The word “sustainability” is perhaps one of the most frequently evoked, yet most ill-defined concepts in contemporary discourse. The concept can be made to apply to scales ranging from (anti-) globalization to eating healthily. Although the concept is far from new, being bound to the notion of human beings tied to and embedded in the earthly environment, in the last century cognisance of the scarcity of resources – both human and material – have brought to the fore real concerns about the future viability of the earth as a human habitat.
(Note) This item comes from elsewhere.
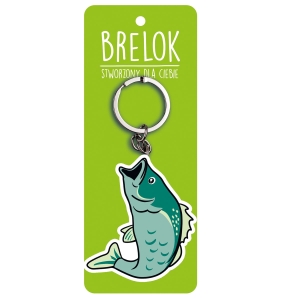 BRELOK RYBA ZIELONY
In the age of global markets for goods and services, underlying any attempt for a sustainable environment would be the maintenance of a fair trade organizations, protection against exploitation of labour and materials, and an equitable constructive finance system. One of the first policy documents developed in association with the United Nations Conference on the Human Environment was Barbara Ward and René Dubos; Only One Earth: The Care and Maintenance of a Small Planet, (W. Norton & Co, 1972). http://www.iied.org/
More recently, the European Unions’ Institute of New Economic Thinking acknowledges that any “sustainable” development in sustainability must be accompanied by fundamental changes in economics and politics. http://ineteconomics.org
Other excellent resources for “thinking of the world as a system over time”, is the International Institute for Sustainable Development: http://www.iisd.org/sd/
The Earth Institute – Columbia University: http://www.earth.columbia.edu/sections/view/9
The ISE – Institute for Social Ecology: http://www.social-ecology.org/about/about-the-ise/
And not forgetting, Buckminster Fuller: http://bfi.org/ whose whole systems approach advocated in his book: Spaceship Earth. Operating Manual for Spaceship Earth (New York: E.P. Dutton & Co., 1963) revolutionized thinking about the earth as an interconnected system not isolated from the universe itself.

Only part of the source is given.